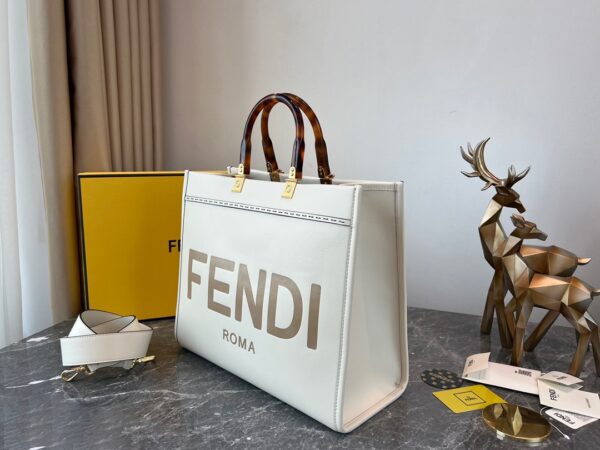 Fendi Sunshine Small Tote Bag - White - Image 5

———

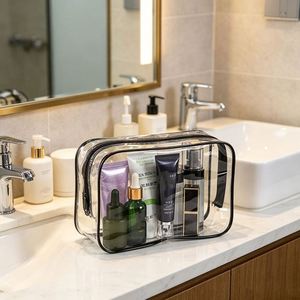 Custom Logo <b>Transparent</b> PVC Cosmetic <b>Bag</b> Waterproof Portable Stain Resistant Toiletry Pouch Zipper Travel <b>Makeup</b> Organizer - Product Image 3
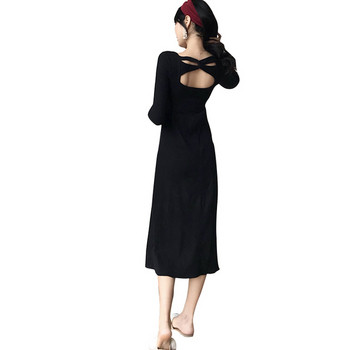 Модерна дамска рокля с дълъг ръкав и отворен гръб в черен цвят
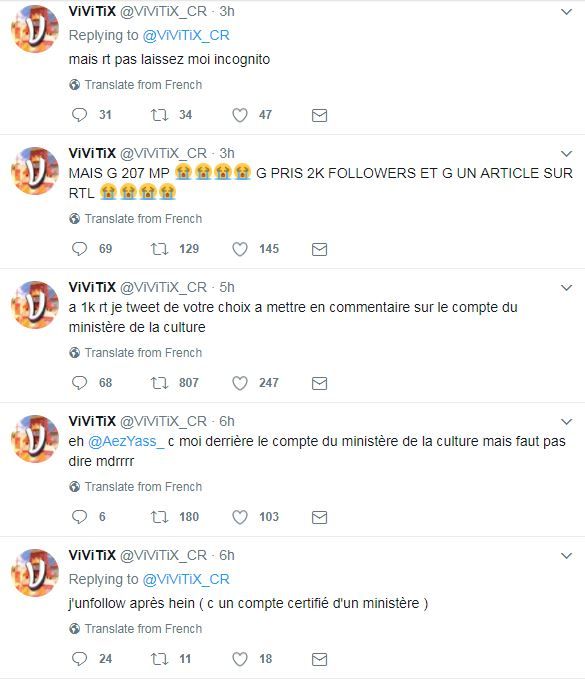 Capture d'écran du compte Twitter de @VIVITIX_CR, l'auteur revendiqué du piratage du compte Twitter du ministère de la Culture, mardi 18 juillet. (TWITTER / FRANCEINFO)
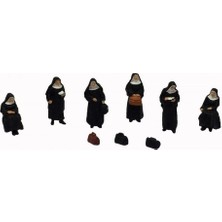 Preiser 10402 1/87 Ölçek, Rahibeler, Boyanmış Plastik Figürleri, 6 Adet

———

§ Exercise
In the material above, the stretch from the line with "Модерна дамска рокля" through the line with "Preiser 10402 1/87" is to be given again exactly, minus the pictures.

§ Response to this task
 Модерна дамска рокля с дълъг ръкав и отворен гръб в черен цвят
 Capture d'écran du compte Twitter de @VIVITIX_CR, l'auteur revendiqué du piratage du compte Twitter du ministère de la Culture, mardi 18 juillet. (TWITTER / FRANCEINFO)
 Preiser 10402 1/87 Ölçek, Rahibeler, Boyanmış Plastik Figürleri, 6 Adet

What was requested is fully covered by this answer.